Family restoration is necessary for a healthy society. Everyone has been touched by some familial problem whether it is divorce, abortion, or separation. But one of the critical steps in figuring out solutions to our problems is to understand the state of the law regarding a family’s rights vis-á-vis the individual. In modern day America, courts have increasingly upheld the rights of the individual above the rights of a family, twisting many of the Supreme Court’s early 1900 decisions protecting the family into destructive holdings breaking down the family. One of the avenues the Court has used to create and elevate the individual and personal autonomy has been the doctrine of substantive due process.

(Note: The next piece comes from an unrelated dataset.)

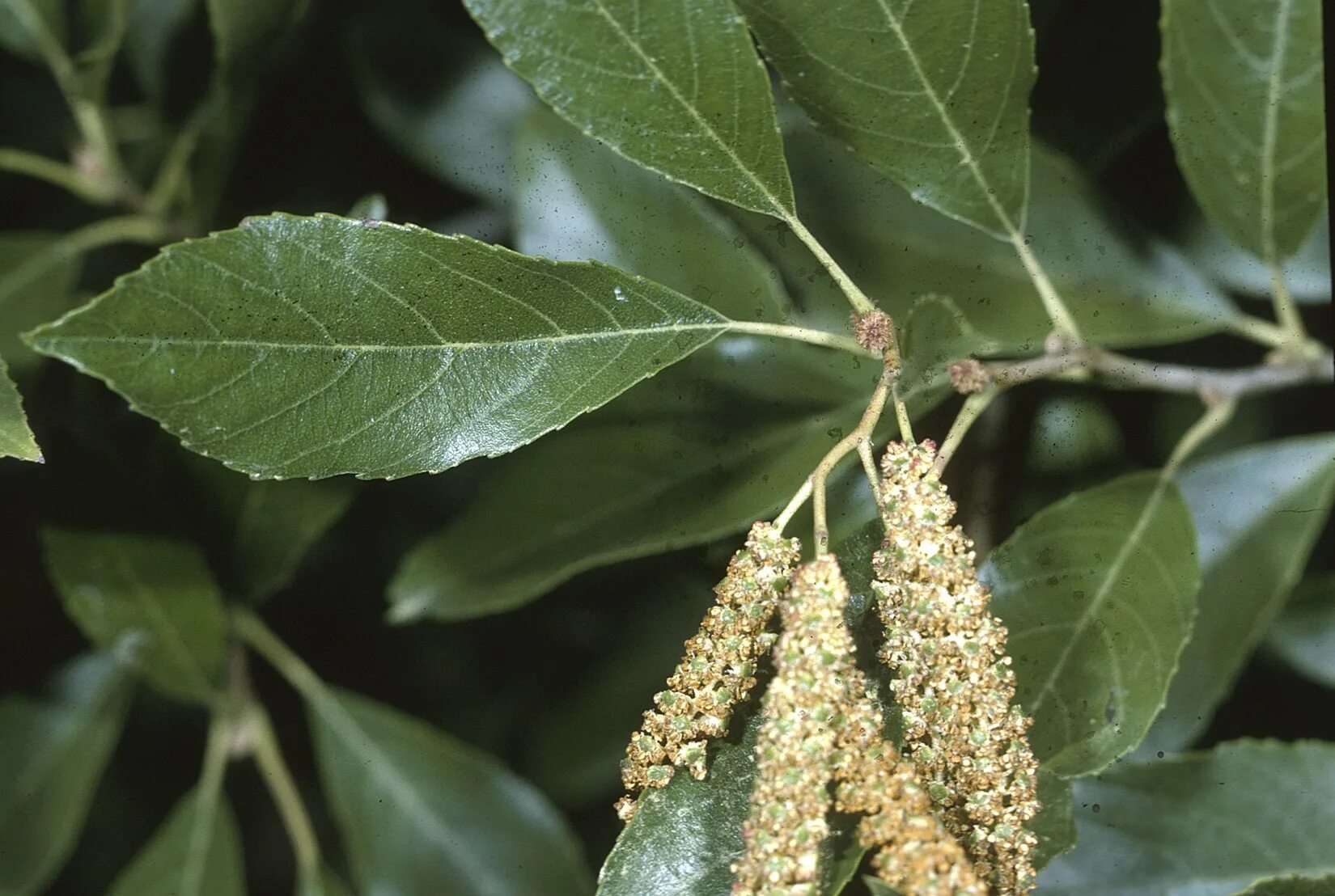 Ольха Приморская. Alnus nepalensis. Alnus mandshurica. Ольха в Башкирии.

The majority of Americans, if asked what substantive due process is, would have no idea. In fact, I would even postulate that many law students cannot even give it a definition. That is unsurprising because, in truth, substantive due process is a contradiction in terms. The Due Process Clauses, contained in the 5th and 14th Amendments “guarantee that all legal proceedings will be fair and that one will be given notice of the proceedings and an opportunity to be heard before the government acts to take away one's life, liberty, or property.”[1] Substantive rights, however, encompass an individual’s various freedoms such as the Freedom of Speech, Religion, and the like. They are the “what” whereas due process is the “how” these rights are guaranteed.[2] Substantive Due Process, then, is a doctrine developed by the Supreme Court that guarantees not only that just processes be used whenever the government is punishing a person or otherwise depriving them of life, freedom or property, but that the 5th and 14th Amendments recognize some rights that are so fundamental to an individual’s liberty that the government cannot take them away, regardless of the procedure used.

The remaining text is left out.